In this study, a new control strategy for turbulent drag reduction involving ventilated cavitation is proposed. The configurational and hydrodynamic characteristics of ventilated cavities influenced by turbulent drag-reducing additives were experimentally studied in water tunnel. The test model was fixed in the water tunnel by a strut in the aft-part. Aqueous solutions of CTAC/NaSal (cetyltrimethyl ammonium chloride/sodium salicylate) with weight concentrations of 100, 200, 400 and 600 ppm (part per million), respectively, were injected into the ventilated air cavity from the edge of the cavitator with accurate control by an injection pump. The cavity configurations were recorded by a high-speed CCD camera.

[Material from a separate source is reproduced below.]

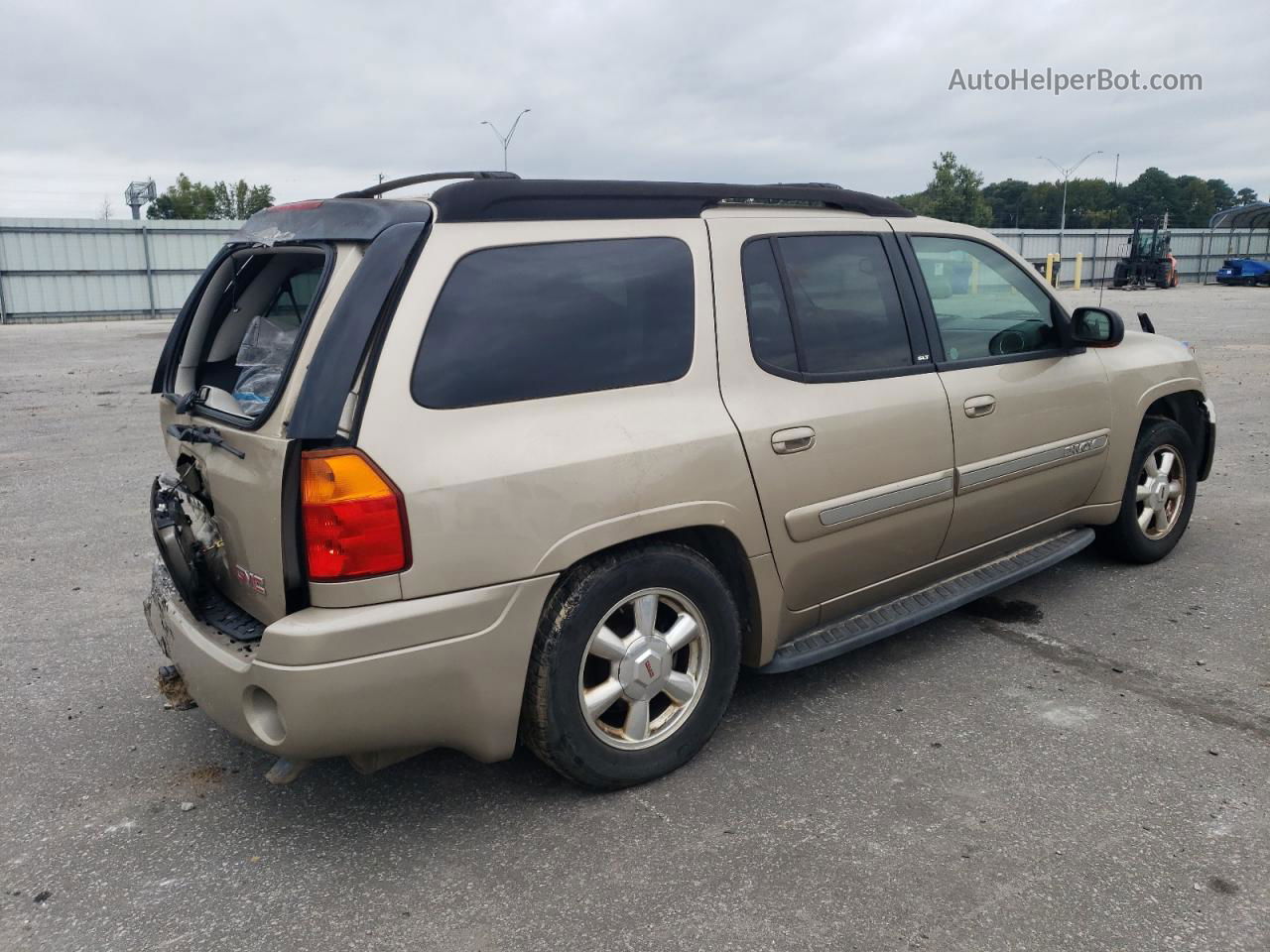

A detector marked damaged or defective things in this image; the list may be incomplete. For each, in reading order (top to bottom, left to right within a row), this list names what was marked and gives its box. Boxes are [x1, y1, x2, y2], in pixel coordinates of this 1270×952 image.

broken tail light [300, 449, 409, 581]
damaged rear bumper [141, 563, 554, 767]
cracked asphalt pavement [0, 287, 1264, 952]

The hydrodynamic characteristics of the test model were measured by a six-component balance. Experimental results show that, within the presently tested cases, the lengths of cavity influenced by drag-reducing solution are smaller than normal condition (ventilated cavity) in water, but the asymmetry of the cavity is improved. The drag resisted by the test model is reduced dramatically (the maximum drag reduction can reach to 80%) and the re-entrant jet is more complex after the CTAC solution is injected into the cavity. Turbulent drag-reducing additives have the potential in enhancement of supercavitating asymmetry and further drag reduction.